I made a decision tree with the "Decision Tree Learner"-Node. The tree should split categoric data, that in the end a 100% allocation of every record to a leaf of the tree...
However, what I am getting is a tree that, in the leafs, got more than one type of records:
97% of, for the leaf correct, records and 3% Errors. (The errors are there for purpose.) Now I'd like to extract a table or sth similar where exactly these 3% (and of course other "errors" from other leafs) are listed.
I am relatively new to KNIME and also to decision trees, so please forgive me for eventually wrong naming conventions, etc. :)
After some messing around, I figured out a way to solve this issue:
The structure is like this:
You can add a Java Edit Variable to the second Rule-Baseed RowFilter to automate it a little.

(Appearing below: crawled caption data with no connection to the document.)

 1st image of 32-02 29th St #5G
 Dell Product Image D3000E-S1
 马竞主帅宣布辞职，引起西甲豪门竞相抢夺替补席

I am still working on a solution for complete automation, but this works so far.
Cheers, Fabian ;)
if I get your question right, you want to know which rows (of your training data) were classified incorrectly.
See the attached workflow for an idea how you can get those rows.
If you want to have pure leaves in your decision tree, you have to disable pruning in the decision tree learner dialog.
However, doing so will cause your decision tree to overfit on the table you trained it on, which in general declines its accuracy on new data. Note that even if you disable pruning, it is still possible to get impure leafs if your data contains contradictory rows i.e. rows that are identical except for their class.
Thanks very much.
This was most helpful :)
Also thanks for the explanation...